We were not fortunate in finding any nest of the Sierra Nevada Rosy Finch in the Yosemite region. We have considerately left this accomplishment for someone with marked cliff-climbing predilections, together with unlimited patience and tireless powers of observation. An essential element in the search for a Leucosticte's nest would be time, but there might be an element of luck, too. We would suggest, first, the watching of a pair of birds to determine the focus of their interests; then the searching of the crevices of the rock chute or fractured brink of fluted cirque about which their fixed headquarters are almost sure to be found.

The nearest to finding a nest that any of us came, knowingly, was on the side of Mount Clark, August 22, when a half-grown young rosy finch, yet unable to fly, was traced by its hoarse chirp or chirrup to its hiding place in a rock crevice close to a snow cornice on the verge of a thousand-foot declivity facing toward the northwest. The nest must have been close by, though possibly altogether out of reach deep down in some one of the many clefts. This instance would indicate a late date of egg laying, probably about August 1. On the other hand, a female bird collected at 10,500 feet on Mount Hoffmann, June 30, contained a full-sized egg and showed evidences of having already deposited other eggs.

Young-of-the-year, fully feathered and flying about in restless flocks, were first observed August 29, at Vogelsang Pass. On September 26, flocks were seen along the ridge at the extreme head of Warren Fork of Leevining Creek, 10,500 to 11,000 feet. Not far away was found an adult male all alone on a rocky slope among lodgepole pines at only 10,000 feet altitude. He proved to be undergoing the fall molt, being extremely ragged in appearance, and doubtless unable to keep up readily with the flock of full-feathered young-of-the-year. As with certain other members of the finch family which are of flocking habit most of the year, the adults at molting time in the fall (there being no spring molt in this species) sequester themselves during the period of impairment preceding the acquisition of a complete new garb.
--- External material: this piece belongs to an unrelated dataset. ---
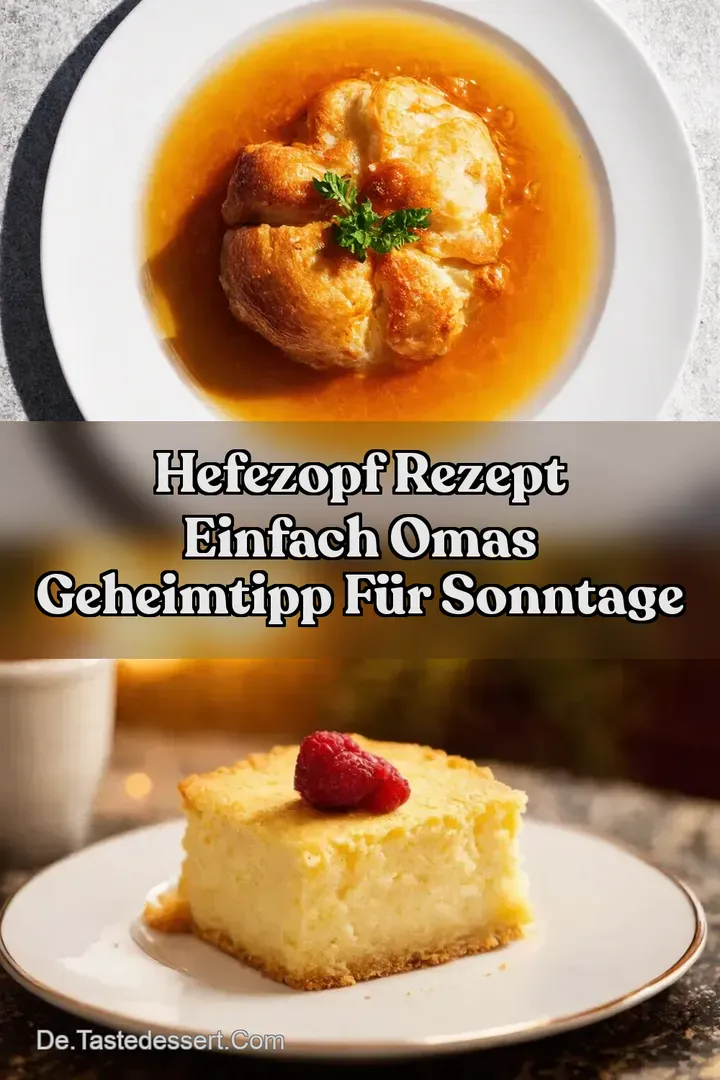 HefeZopf Rezept Einfach Omas Geheimtipp f&uuml;r Sonntage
While our party was on the summit of Mount Lyell, 13,090 feet, July 18, a pair of rosy finches was foraging about among the rocks apparently picking up crumbs left from luncheons. On July 8, Leucostictes were seen about Young Lake (10,000 feet) and on August 21 a small company was seen on Mount Florence at 11,500 feet. One lone Leucosticte was seen at the Soda Spring, Tuolumne Meadows, only 8600 feet altitude, on the the evening of July 27, 1915, this being the lowest station of observation.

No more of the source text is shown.